Table 1: Table Showing List of Usually Used ANN Activation Functions

S/N Function Name Mathematical Description Diagram
1
Identity Function
$$f(z) = z$$
2
Binary Step Function
$$f(z) = \begin{cases} 1, & \text{if z \geq T} \\ 0, & \text{if z \lt T} \end{cases}$$
3
Bipolar Step Function
$$f(z) = \begin{cases} 1, & \text{if z \geq T} \\ -1, & \text{if z \lt T} \end{cases}$$
4
Binary Sigmoid Function
$$f(z) = {{1} \over {1+exp(- \alpha z)}}$$ $$z = sum \; of \; weighted \; inputs$$ $$\alpha = steepness \; parameter$$
5
Bipolar Sigmoid Function
$$f(z) = {{1 - exp(- \alpha z) } \over {1+exp(- \alpha z)}}$$ $$z = sum of weighted inputs$$ $$\alpha = steepness \; parameter$$
6
Hypebolic Tan Function
$$f(z) = tanh(z) ={{2} \over {1 + e^{-2z}}} -1$$
7
Rectified Linear Unit (ReLU)
$$f(z) = \begin{cases} 0, & \text{if z \lt 0} \\ z, & \text{if z \geq 0} \end{cases}$$

## ANN Training Mechanisms Overview

The ANN neurons are connected to form a computational network. Once the desired network has been structured for an application, it is proceeded to the training stage which starts with the initial choice of random weights for each neurons connection inlet (weighted connection). These initial random weights are adapted over the training process to produce a finally suitable weight value which on interaction with future input data will most likely produce the desired results even for previously unknown data. In other words, in the training process, the network is stimulated by its environment (through sets of input data) Due to the stimulation, the network experiences some changes in its internal parameters (weights) as regulated by a group of pre-written rules. These changes to the internal structure makes the network responds to its surroundings in a different way on future interactions. The pre-written rules defined to solve the learning process of the ANN are categorized under different classes which are:

• Supervised Learning (Error Based)
• Unsupervised Learning
• Reinforcement Learning

Diagram 5: Hierarchical Model of the ANN Learning Class and Algorithms

## Supervised Learning

The scope of this project covers the use of neural networks developed through a supervised learning process, and as the name indicates, supervised learning is a method of training artificial intelligent systems by feeding them with data along sides information. In other words, training data includes both the input and the desired results (supervisory signal).
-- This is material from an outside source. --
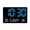 Towel holder, variant on LED Digital Wall Clock 12H/24H Date Temp Week Two Sets of Alarms Desk Alarm Clock In Electronic Small Clock for Kid Bedroom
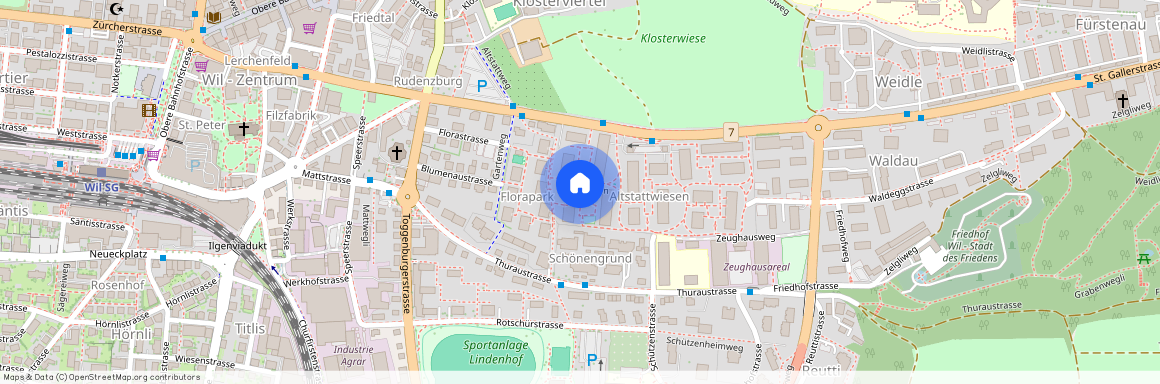 9500, Wil SG, St. Gallerstrasse, 19a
Essentially, an effective enough training process leaves the system at a state whereby it can confidently classify further inputs to the system based on its previous training experience. The network processes the training inputs and compares its resulting outputs against the desired outputs and errors are then propagated back through the System (back propagation) causing the system to adjust the weights which control the network. This process occurs over and over as the weights are continually adjusted until decent weight values are generated capable of producing near correct classifications when fed with raw data in the future. There exist two patterns of implementing supervised learning on an ANN which are as listed below.

• Stochastic or Online Training
• Batch or Offline Training

• Phase 1(Propagation Phase): Essentially, in this phase, the forward propagation of the training inputs is made across the neural network in order to generate the network's output value(s). After this, a back-propagation process for error correction is engaged in.
• Phase 2 (Weight update): The percentage contribution of each weight to the network’s total error value will be calculated and the result will be used in determining how to adjust each of the weights so as to minimize the total error of the output of the system.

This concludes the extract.